Recursive Record Filtering and Longest Decreasing Subsequences

TL;DR

This paper analyzes a recursive filtering process called Disappear-Sort, connecting it to longest decreasing subsequences in permutations, and derives asymptotic behavior using combinatorial and probabilistic tools.

Contribution

It establishes exact recurrence relations and probabilistic interpretations for Disappear-Sort, linking it to Young tableaux and the Tracy--Widom law for asymptotic analysis.

Findings

Expected number of passes for resampling variant satisfies a recurrence with Stirling numbers.

Total passes in non-resampling variant equal the length of the longest decreasing subsequence.

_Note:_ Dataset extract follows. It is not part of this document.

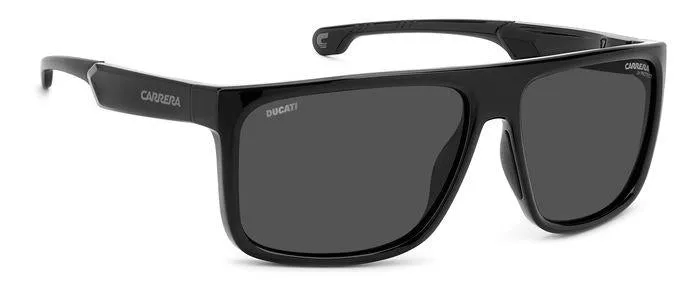 Carrera Ducati 011/S 807/IR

Expected passes grow asymptotically as 2√n with Tracy--Widom fluctuations.

Abstract

We consider a recursive record-filtering procedure, which we informally call Disappear-Sort. Let $D_n$ denote the random variable giving the required number of passes in Disappear-Sort to eliminate a sequence of length $n$ sampled as i.i.d. copies of a continuous random variable $X$, where each pass retains the left-to-right records and discards all remaining entries. We show that this procedure admits two natural probabilistic interpretations. For the resampling variant we prove that $d_n=\mathbb{E}[D_n]$ satisfies an exact recurrence involving the unsigned Stirling numbers of the first kind. For the non-resampling variant, we associate to a permutation $p_n\in S_n$ a natural poset and prove that the recursive Disappear-Sort layers form an antichain decomposition of this poset. We deduce that the total number of passes equals $L(p_n)$, where $L(p_n)$ is the length of the longest decreasing subsequence of $p_n$. We then show that for a uniform random permutation of size $n$, the expectation $\mathbb{E}[D_n]$ of this second variant coincides with the expected first-column length of a Plancherel-random Young diagram. Using the Robinson--Schensted correspondence, we obtain an exact formula for this expectation in terms of partitions and standard Young tableaux, and classical Plancherel asymptotics then yield $\mathbb{E}[D_n]\sim 2\sqrt{n}$, with fluctuations on the $n^{1/6}$ scale governed by the Tracy--Widom law derived by Baik, Deift and Johansson. We conclude with an $O(n\log n)$ implementation.